The two-day mini-ministerial session in Delhi, concluding this Friday, and the
upcoming G-20 summit in Pittsburgh, present a dual challenge for the Barack
Obama administration.
The White House must present a trade agenda that will help conclude the
grueling Doha round of trade negotiations, which have gone on for eight years,
while devising concrete trade agreements and policies to assist in the recovery
from the global
financial crisis and appease domestic interest groups.
WTO director general Pascal Lamy has stated that he would like to see the Doha
round serve as more than a stock-taking exercise, but the recent financial
crisis and the continued deadlock on agricultural subsidies in Europe and the
US and intellectual property agreements continue to be major roadblocks for
concluding the round with a substantive set of trade agreements.
Lamy has expressed hope that the Delhi meeting will provide an opportunity for
ministers to begin mapping out a conclusion to the Doha round.

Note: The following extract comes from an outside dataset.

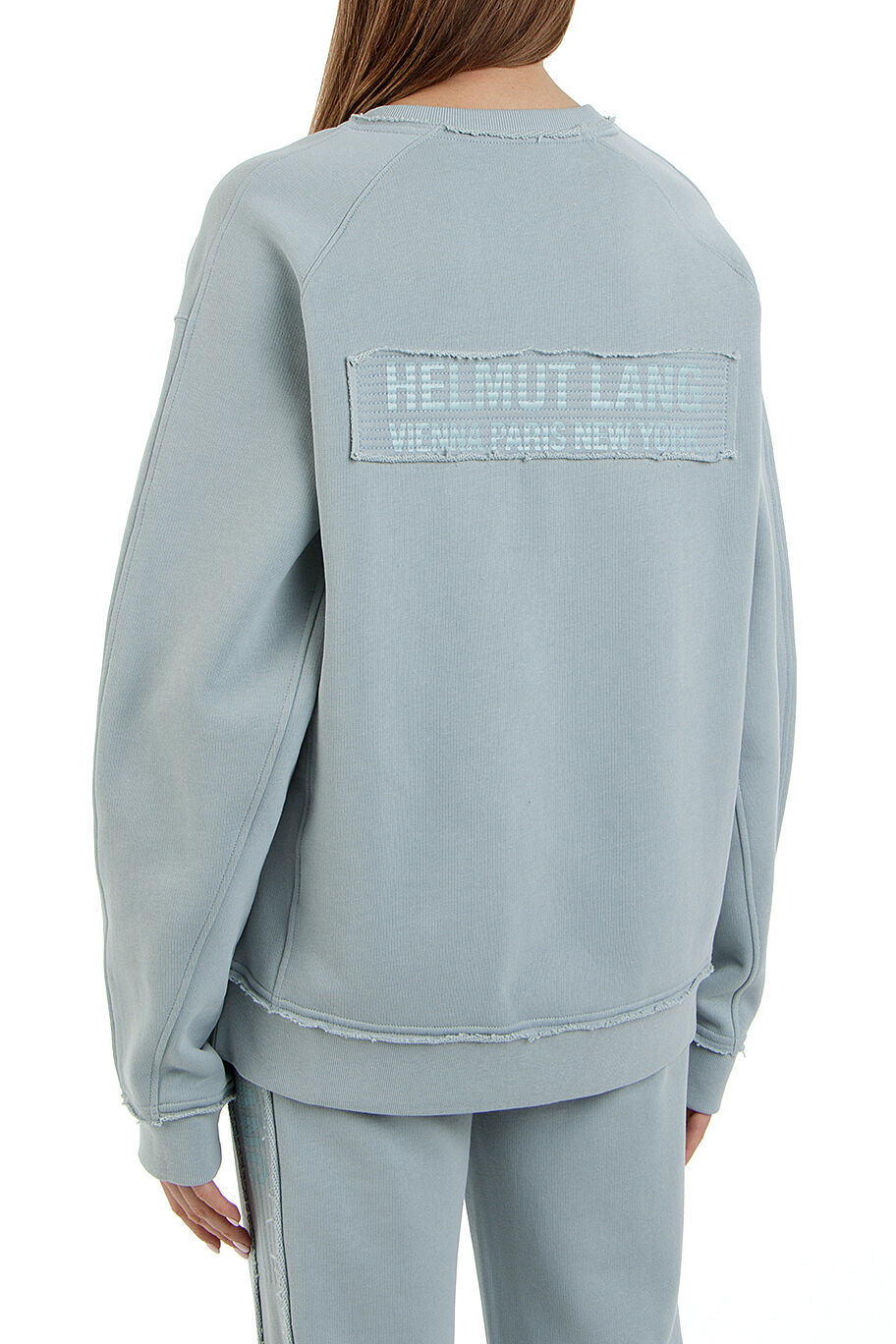 Толстовка Helmut Lang - фото 4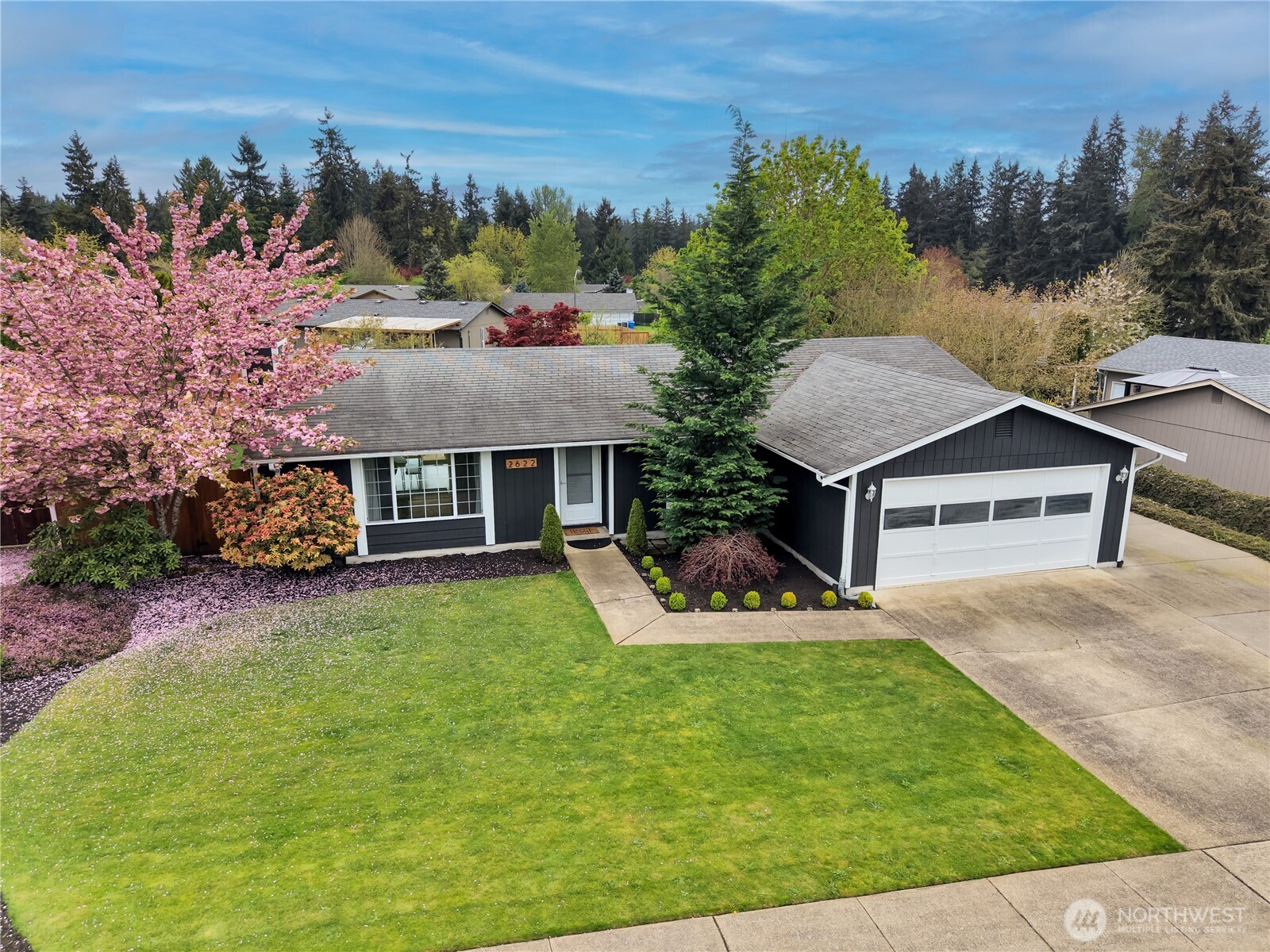 2622 25th Avenue Ct SE, Puyallup, WA 98374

"I think this ministerial ... can be a very important step for our goal for the
successful completion of the Doha round of negotiations," US Trade
Representative Ron Kirk told reporters on Tuesday.
The Obama administration has not yet fully defined what its trade agenda or
proposed policies might look like, but this month will likely bring greater
clarification following the mini-ministerial in Delhi and the higher-profile
G-20 meeting in Pittsburgh later in the month.
The Doha round began in 2001 with the intention of removing trade barriers in
both the developed and developing world, but recent ministerials - most
recently in Geneva in 2008 - have ended in deadlocks as the European Union and
US have found it politically difficult to cut agricultural subsidies.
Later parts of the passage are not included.